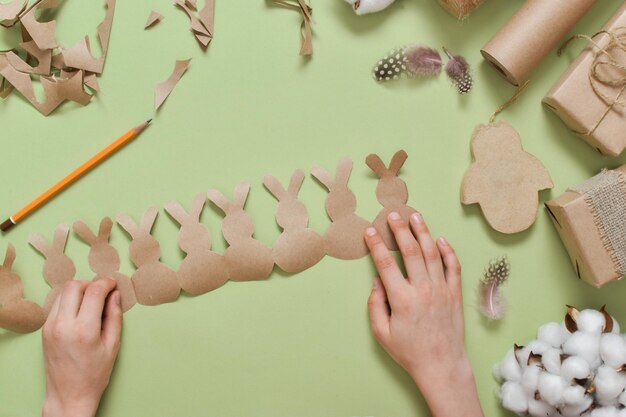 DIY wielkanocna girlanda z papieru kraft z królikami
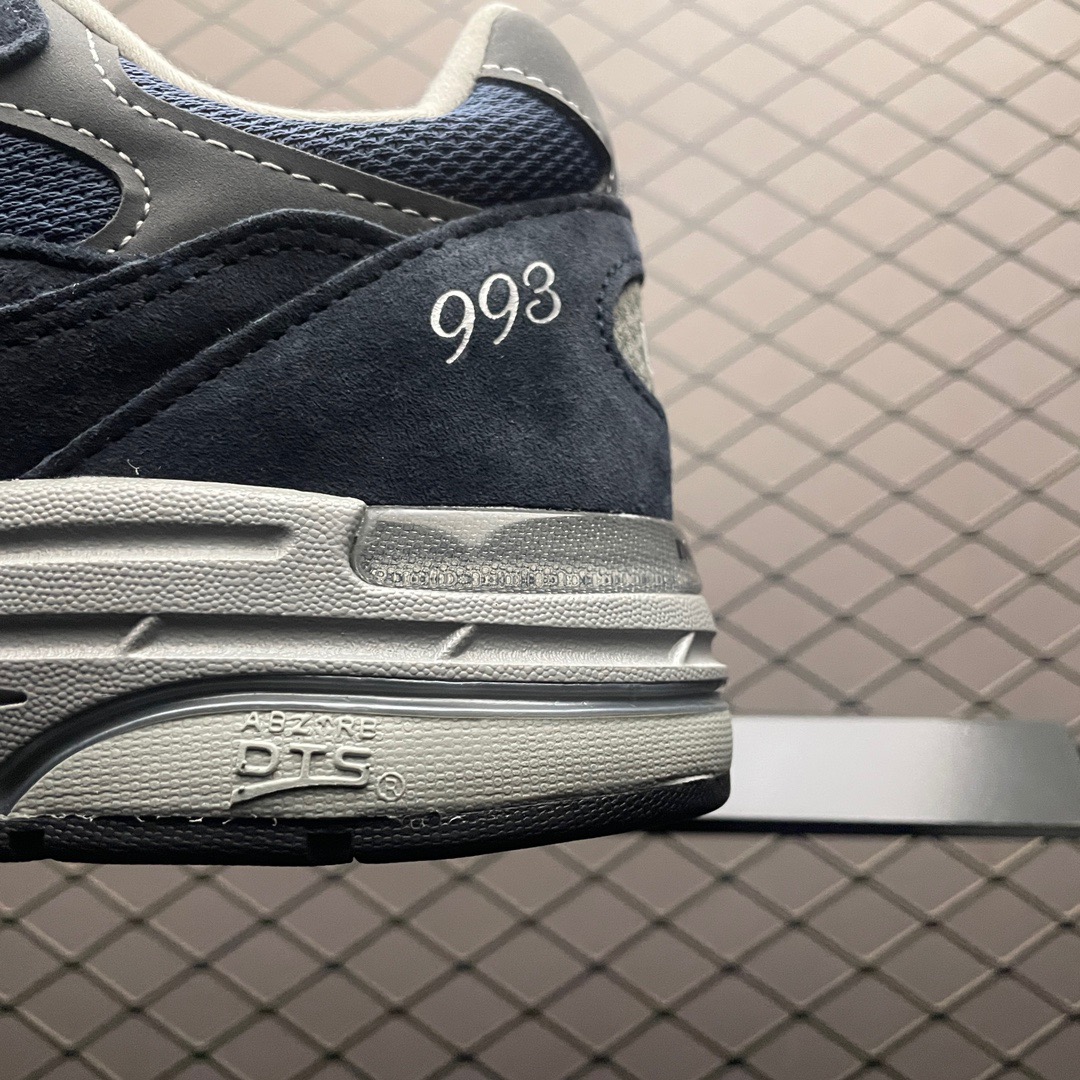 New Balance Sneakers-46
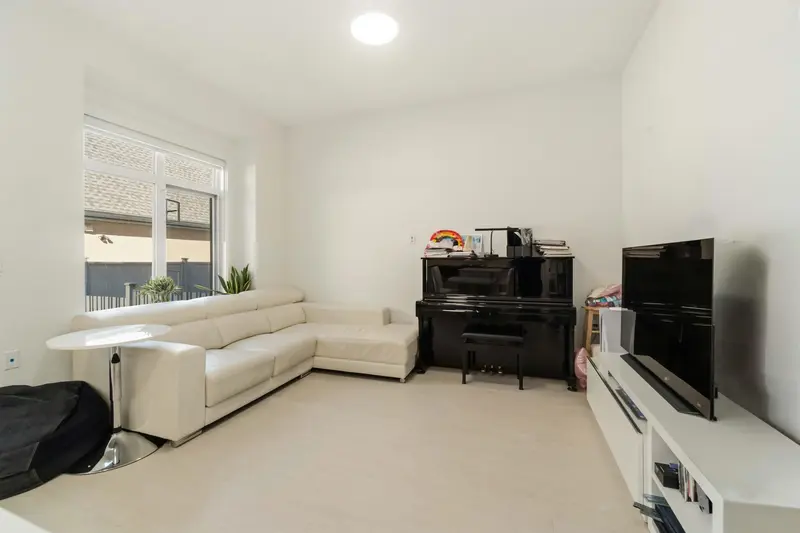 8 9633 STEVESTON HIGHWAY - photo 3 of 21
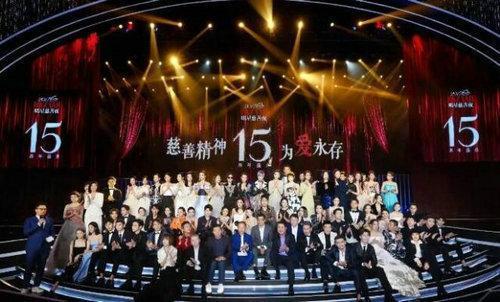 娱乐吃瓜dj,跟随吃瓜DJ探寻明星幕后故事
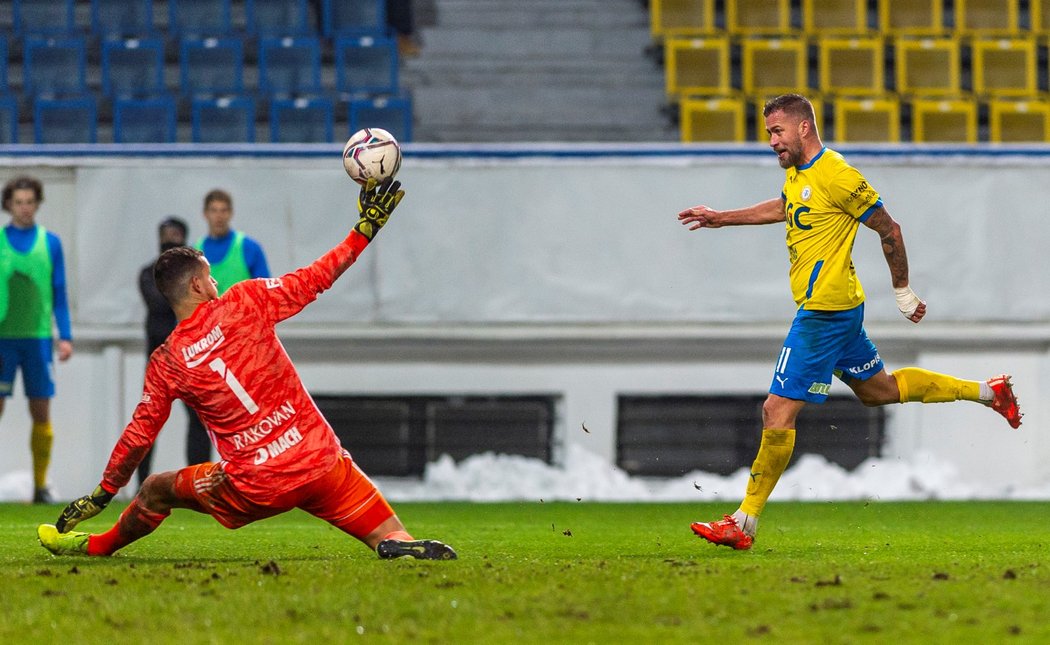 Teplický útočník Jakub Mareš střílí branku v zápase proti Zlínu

### YOUR INSTRUCTIONS
Give back every entry verbatim. No pictures belong in the copy.

### RESPONSE AREA
 DIY wielkanocna girlanda z papieru kraft z królikami
 New Balance Sneakers-46
 8 9633 STEVESTON HIGHWAY - photo 3 of 21
 娱乐吃瓜dj,跟随吃瓜DJ探寻明星幕后故事
 Teplický útočník Jakub Mareš střílí branku v zápase proti Zlínu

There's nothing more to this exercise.